The hunt for a good solution
Up until 2021, we dealt with the scaling of ELK issues by throwing more hardware at the problem. We also did extensive R&D with alternate options.
Here’s a rundown of what we found:
Grafana Loki – first impressions
Back in late 2019, we took a look at Grafana Loki 0.4. At the time, it was a relatively new project with limited storage options and a complicated microservice-oriented deployment setup. We ultimately decided against it due to the complexity of self-hosting it. But we kept an eye on it, hoping things would improve in the future.
Loki’s evolution and performance testing
Fast forward to 2021, and Loki had come a long way. Version 2.4 had simplified its deployment setup and addressed many past pain points. We were excited to see its new features, such as out-of-order writes in the index and BoltDB-based index storage for the filesystem. However, when we benchmarked its performance by importing a month’s worth of logs from our busiest application, Kite, the results were disappointing. Query times were painfully slow, and most queries timed out.

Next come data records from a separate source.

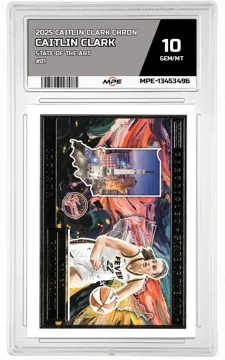 2025 CAITLIN CLARK CHRON STATE OF THE ART #81 CAITLIN CLARK MPE 10 GEM/MT — graded card up for auction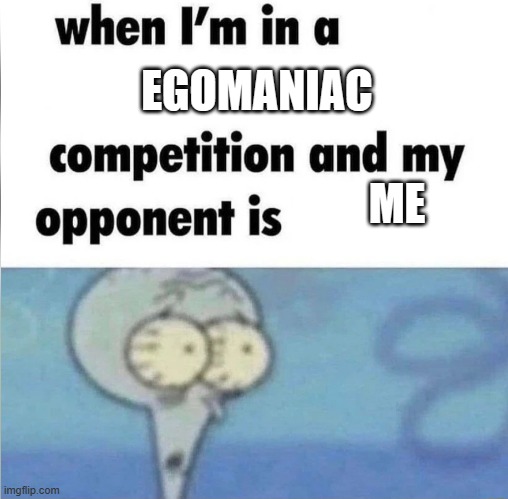 whe i'm in a competition and my opponent is | EGOMANIAC; ME | image tagged in whe i'm in a competition and my opponent is | made w/ Imgflip meme maker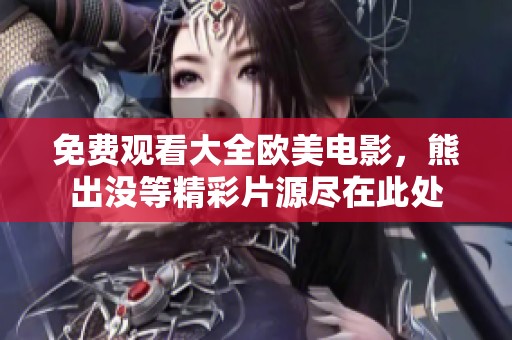 免费观看大全欧美电影，熊出没等精彩片源尽在此处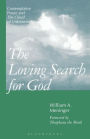 The Loving Search for God: Contemplative Prayer and 
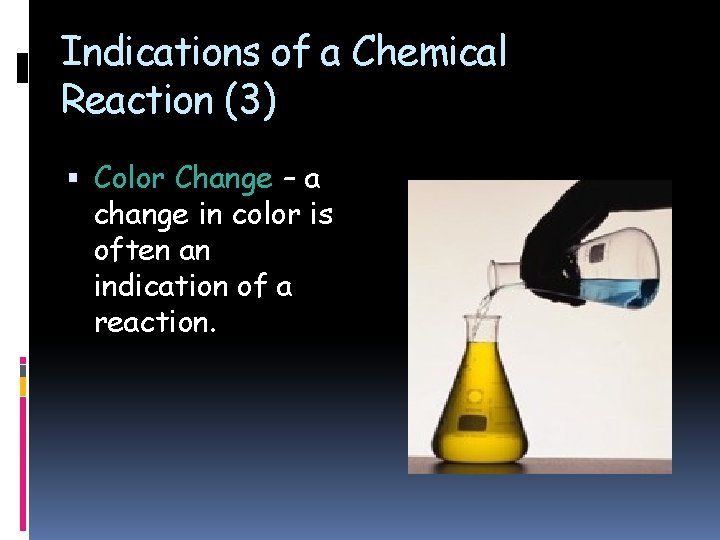 Indications of a Chemical Reaction (3) Color Change – a change in color is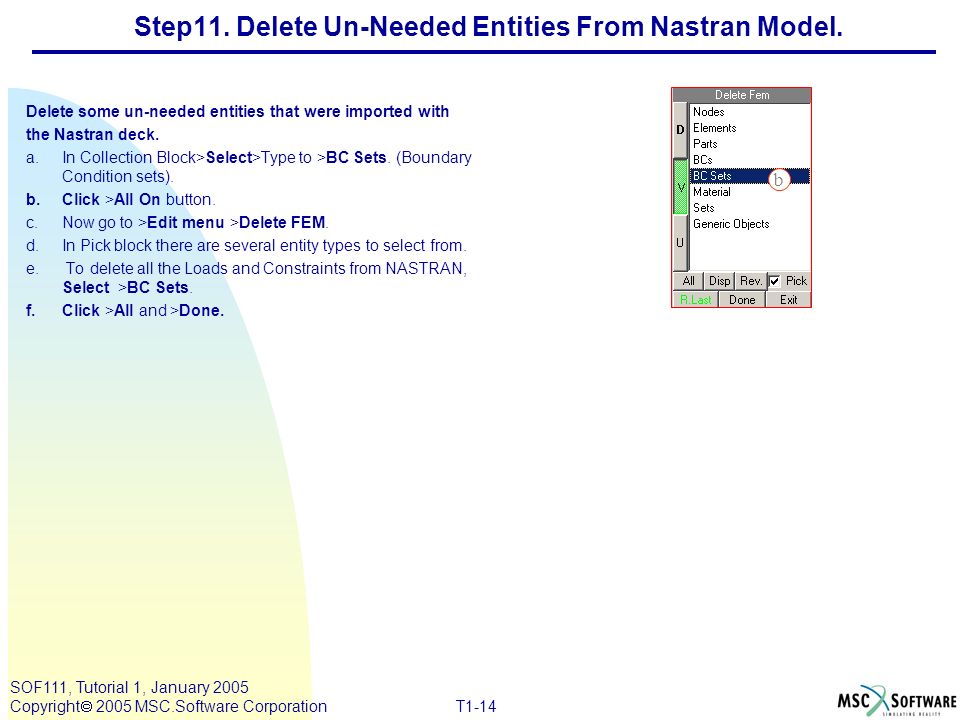 SOF111, Tutorial 1, January 2005 Copyright  2005 MSC.Software Corporation T1-14 Step11.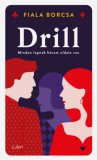 Libri Könyvkiadó Fiala Borcsa: Drill - könyv
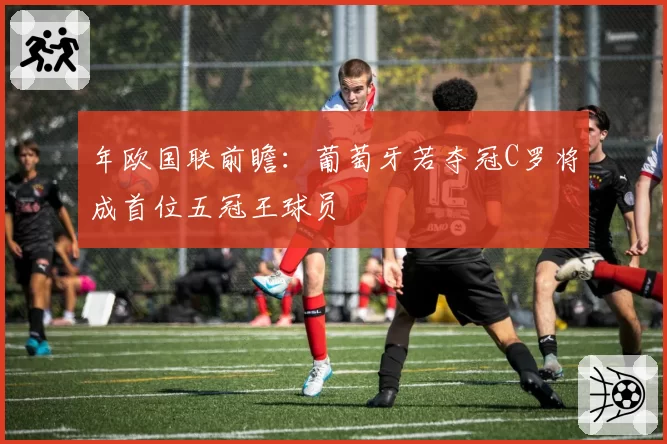 年欧国联前瞻：葡萄牙若夺冠C罗将成首位五冠王球员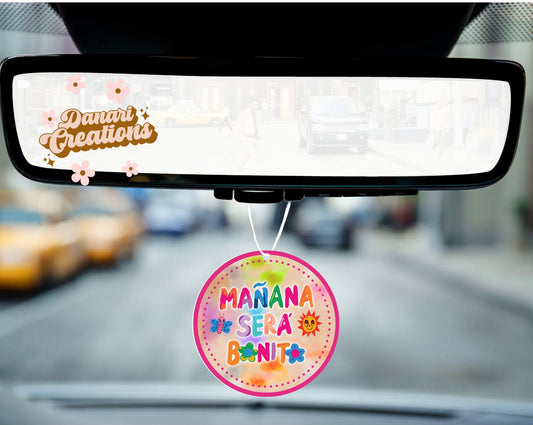 Mañana Sera Bonito Car Air Freshener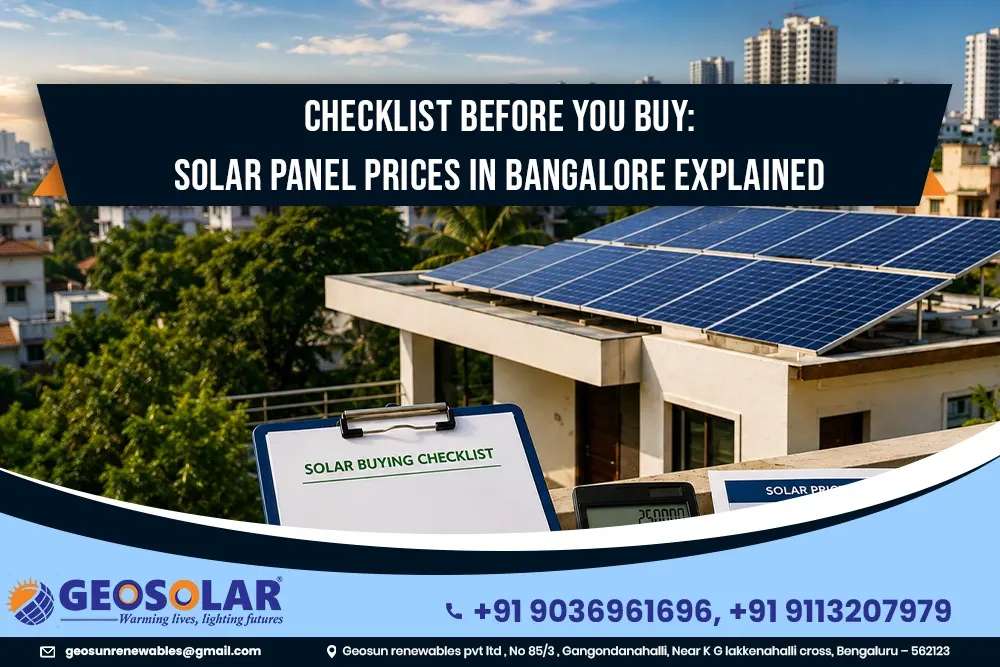 Checklist Before You Buy: Solar Panel Prices in Bangalore Explained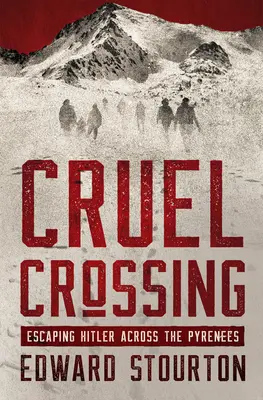 Krutý přechod: Útěk před Hitlerem přes Pyreneje - Cruel Crossing: Escaping Hitler Across the Pyrenees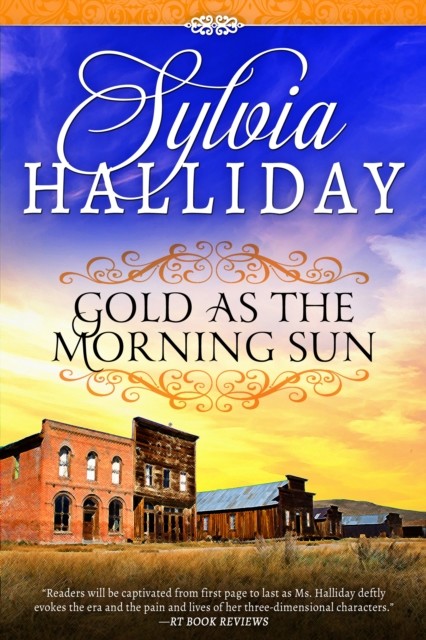 Gold as the Morning Sun, Sylvia Halliday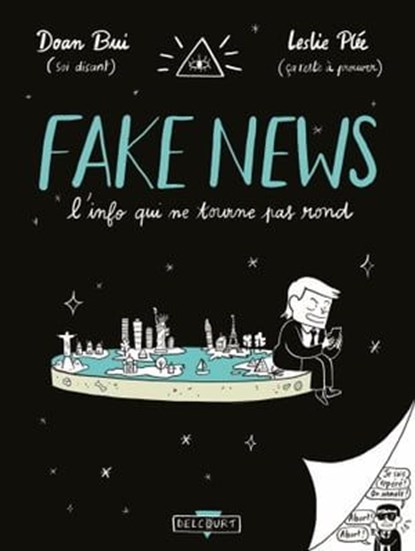 Fake news, l'info qui ne tourne pas rond, Doan Bui ; Leslie Plée - Ebook - 9782413034315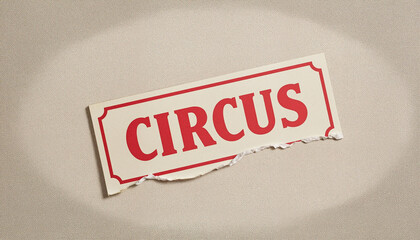 Close-up of a vintage torn circus ticket on neutral fabric evoking nostalgia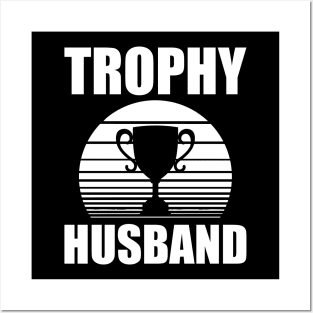 Trophy Husband w Posters and Art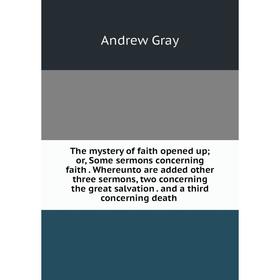 

Книга The mystery of faith opened up; or, Some sermons concerning faith. Whereunto are added other three sermons, two concerning the great salvation.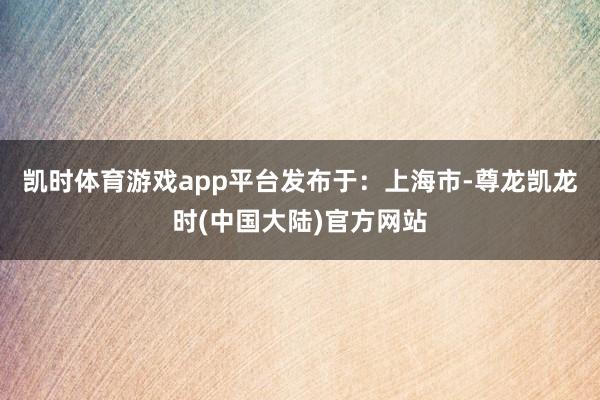 凯时体育游戏app平台发布于：上海市-尊龙凯龙时(中国大陆)官方网站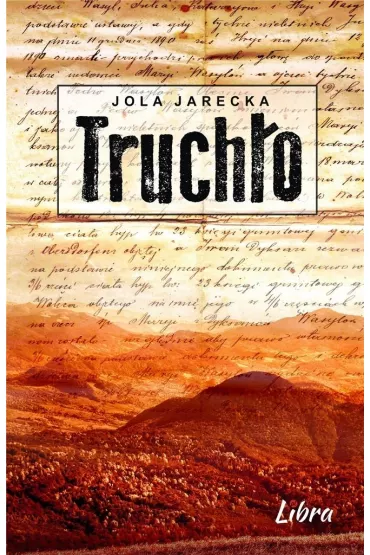 Truch�o - Jola Jarecka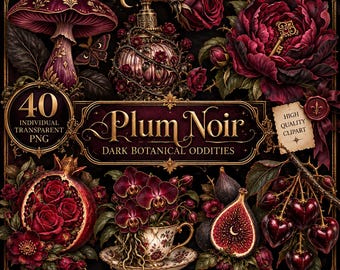 Plum Noir Dark Botanical Oddities Clipart - 40 Transparent PNG  Burgundy Flowers Vintage Objects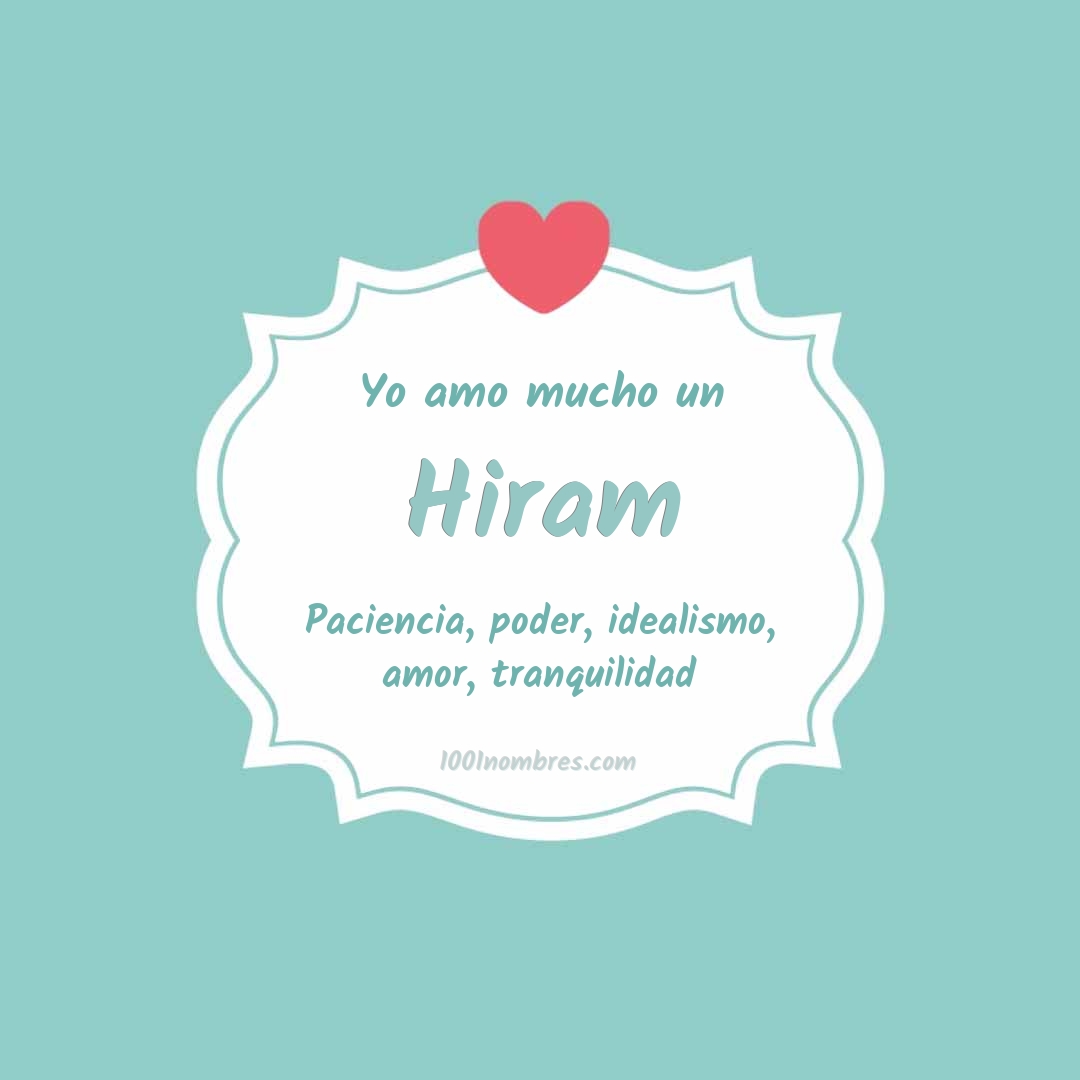 Yo amo mucho Hiram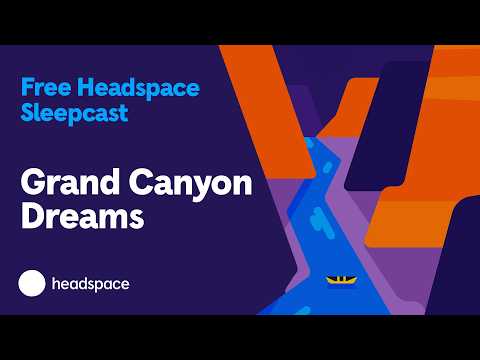 A Full Headspace Sleepcast for Free: Twilight in the Grand Canyon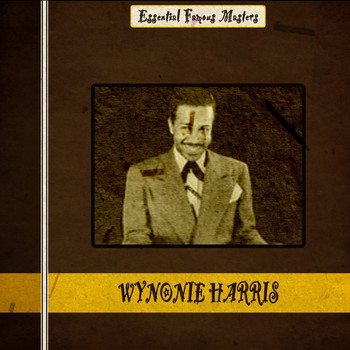 Wynonie Harris - Essential Famous Masters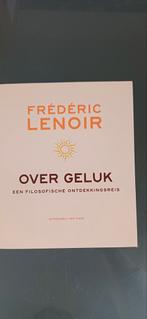 Over Geluk - Frédéric Lenoir (Filosofische Ontdekkingsreis), Boeken, Filosofie, Ophalen of Verzenden, Zo goed als nieuw, Wijsbegeerte of Ethiek
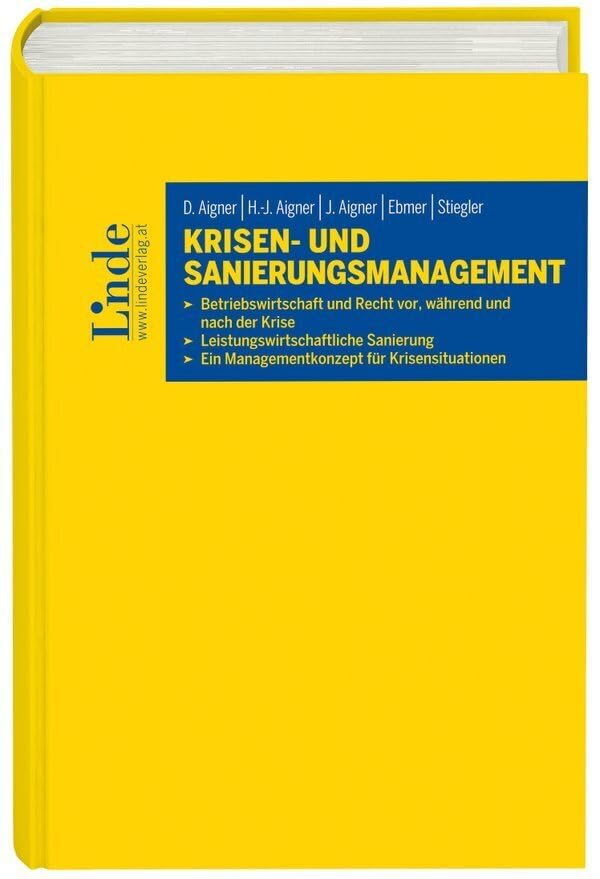 Krisen- und Sanierungsmanagement: Betriebswirtschaft und Recht vor, während und nach der Krise - Leistungswirtschaftliche Sanierung - Ein Managementkonzept für Krisensituationen Law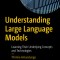 Understanding Large Language Models: Learning Their Underlying Concepts and Technologies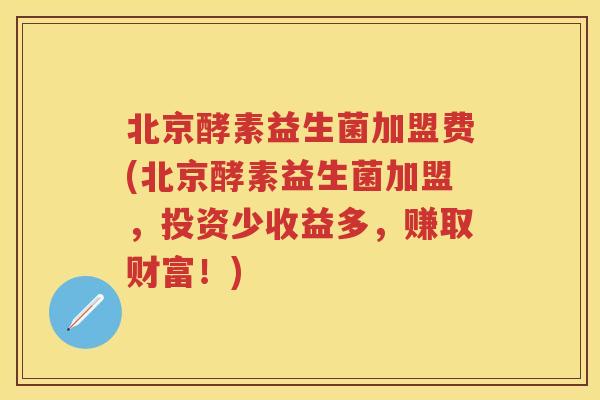 北京酵素益生菌加盟费(北京酵素益生菌加盟,投资少收益多,赚取财富!) 北京酵素益生菌加盟费(北京酵素益生菌加盟,投资少收益多,赚取财富!)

Additionally, we found that Loki lacked good RBAC support in its open-source version.
Exploring cLoki and Clickhouse
In our search for a better solution, we discovered cLoki, a project that implemented Loki’s API with Clickhouse for storage. While it initially looked promising, we quickly realized that it didn’t use native Clickhouse compression codes and didn’t provide the flexibility to design a custom schema for our app logs. Query performance for non-trivial queries involving partial matching was also unimpressive. Moreover, we couldn’t add configurable partition options for different tables or parameters like TTLs or custom ordering keys/indices.
Welcome to Loj
Loj is the internal name we came up with while deciding on a name for our logging project. It was originally meant to be pronounced as log where g is pronounced as jee, but all of us pronounce it as loj. No one remembers why exactly it was named so, but clearly, we excel at naming things creatively.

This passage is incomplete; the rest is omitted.